I noticed there's this _/usr/games _path and as far as I looked for, didn't find it in *any* of those config files (_~/.profile_, _~/.shrc, ~/.cshrc, .login_conf_)_, _what makes me think there could be probably _another_ conf file?


----------



## SirDice (Aug 20, 2021)

RogellParadox said:


> what makes me think there could be probably _another_ conf file?


You might have an older /etc/login.conf. That /usr/games directory was removed a really long time ago.
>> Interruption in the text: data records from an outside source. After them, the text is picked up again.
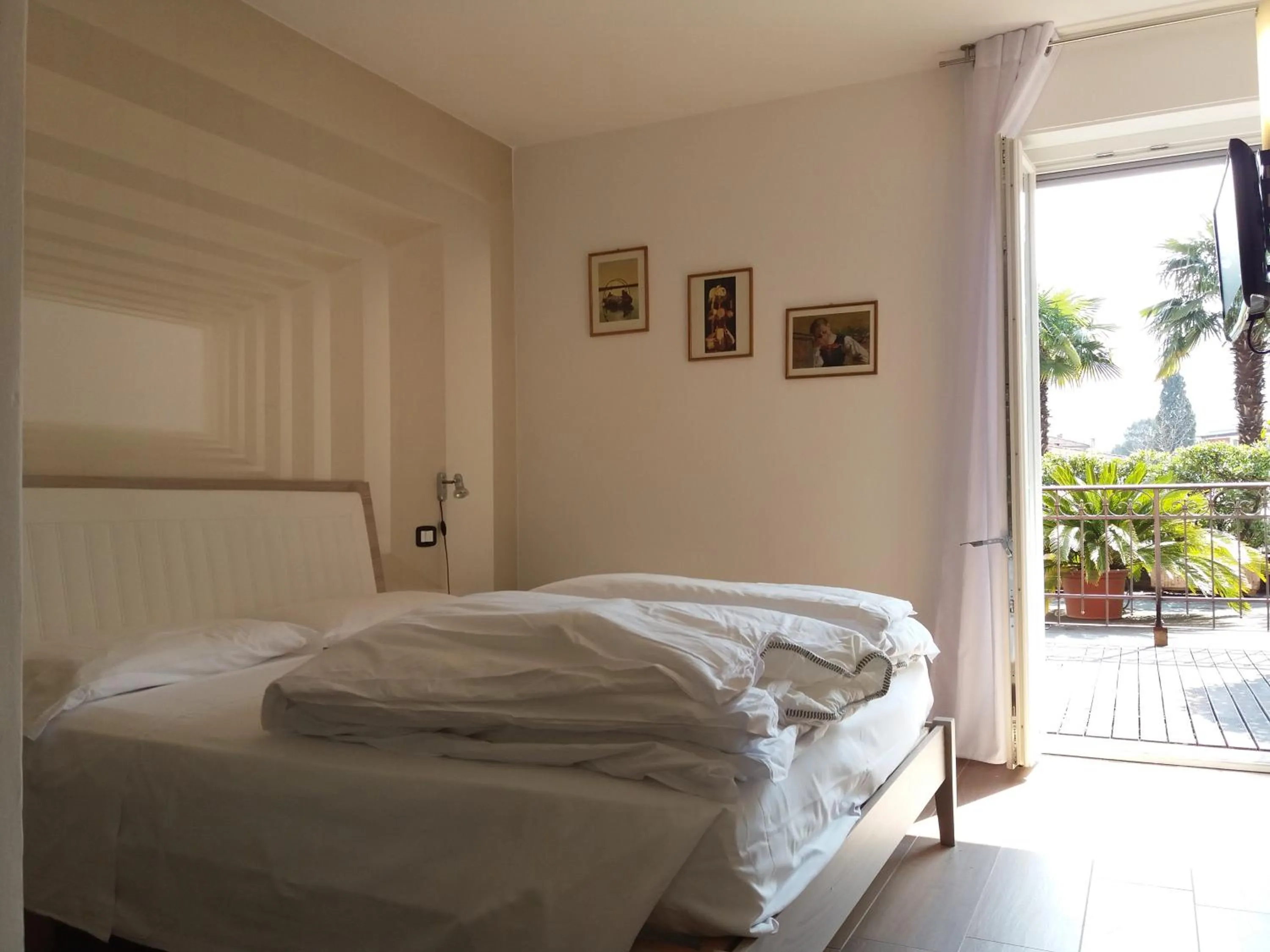 Bed in Hotel Sole Holiday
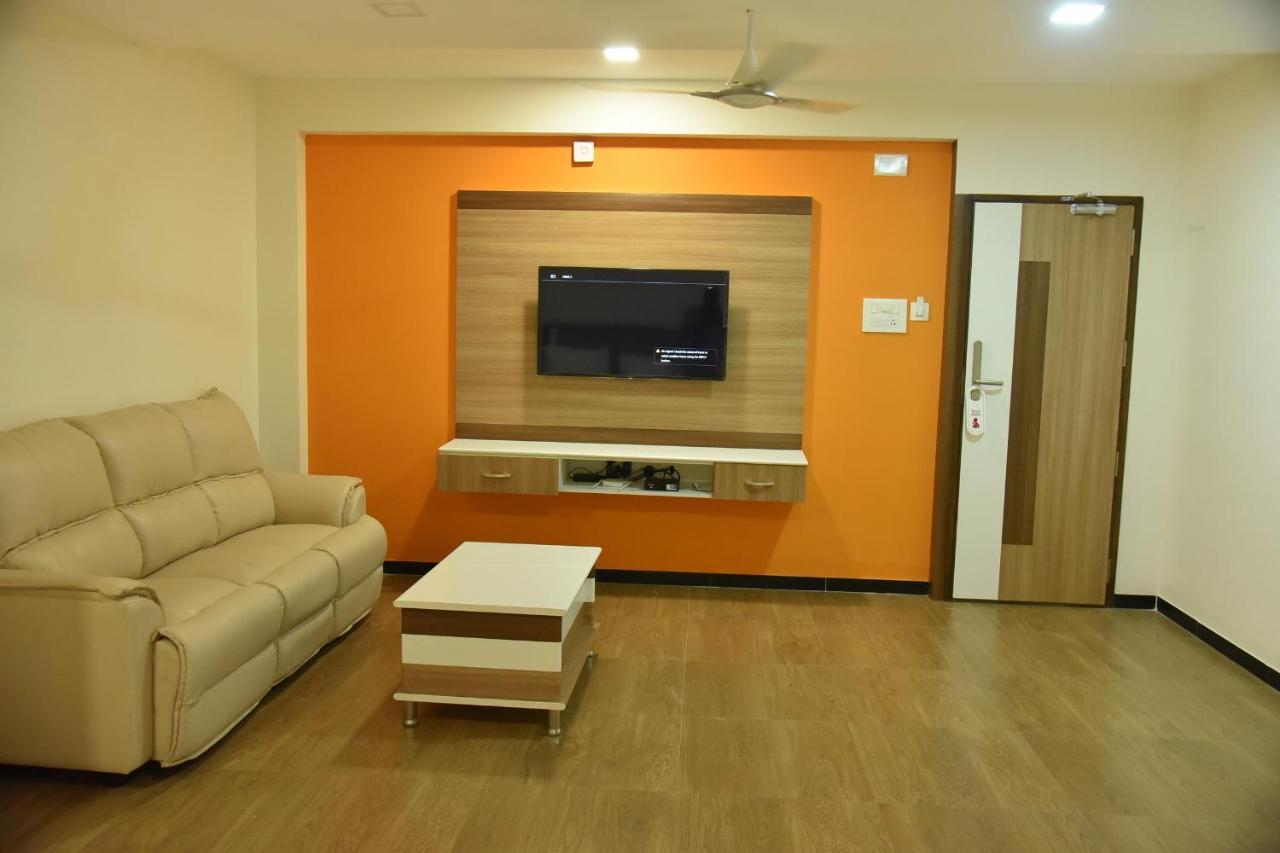 Santhoshpuri 3*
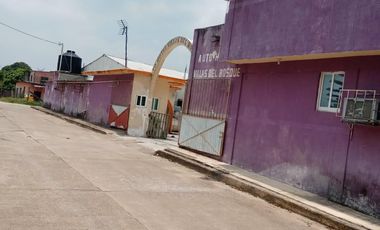 Venta de Edificio con 20 habitaciones en esquina de Av. Miguel Hidalgo, Col. Las Águilas, Ixhuatlán del Sureste, Veracruz.
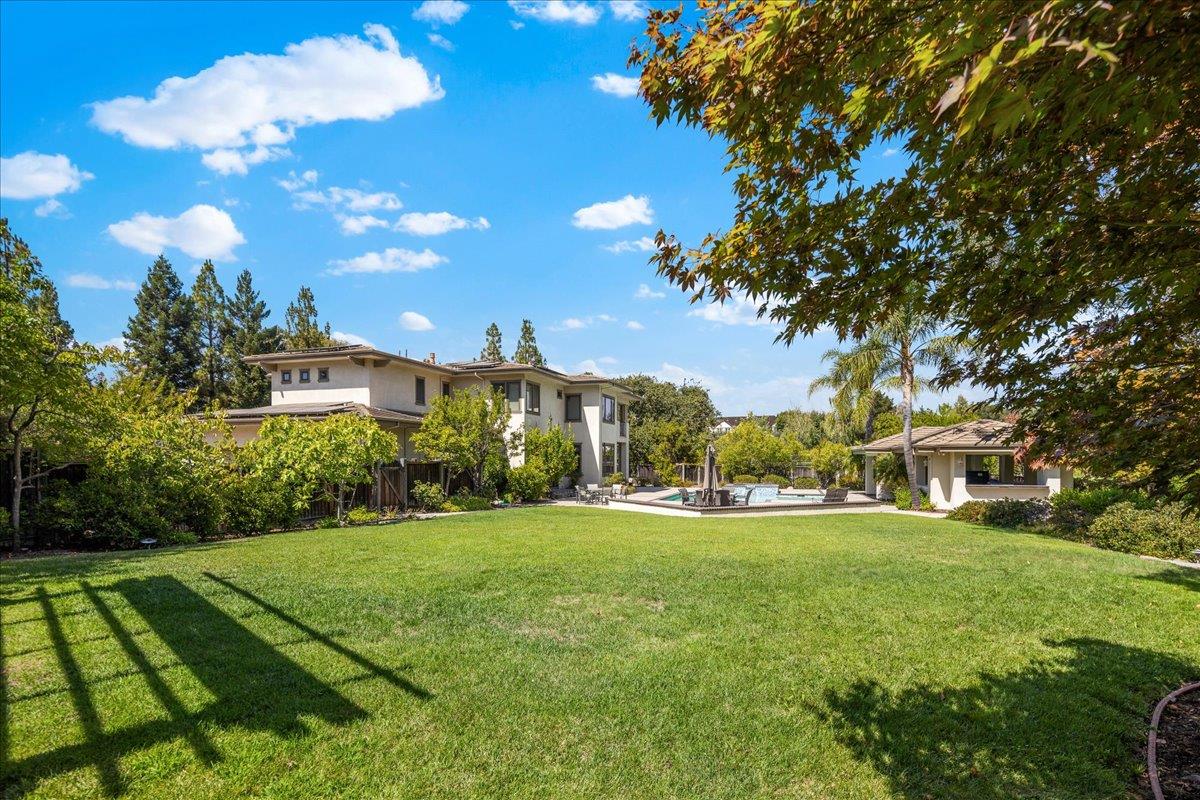 Property photo 32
What version of FreeBSD did you install?

Edit: 6 years ago: https://svnweb.freebsd.org/base/head/etc/login.conf?r1=278616&r2=278615&pathrev=278616


----------



## T-Daemon (Aug 20, 2021)

RogellParadox said:


> Did everything as suggested, shell did change, but path still the same.


Please post entire /etc/login.conf. I assume you have run `cap_mkdb /etc/login.conf` after edit.



RogellParadox said:


> I noticed there's this _/usr/games _path ...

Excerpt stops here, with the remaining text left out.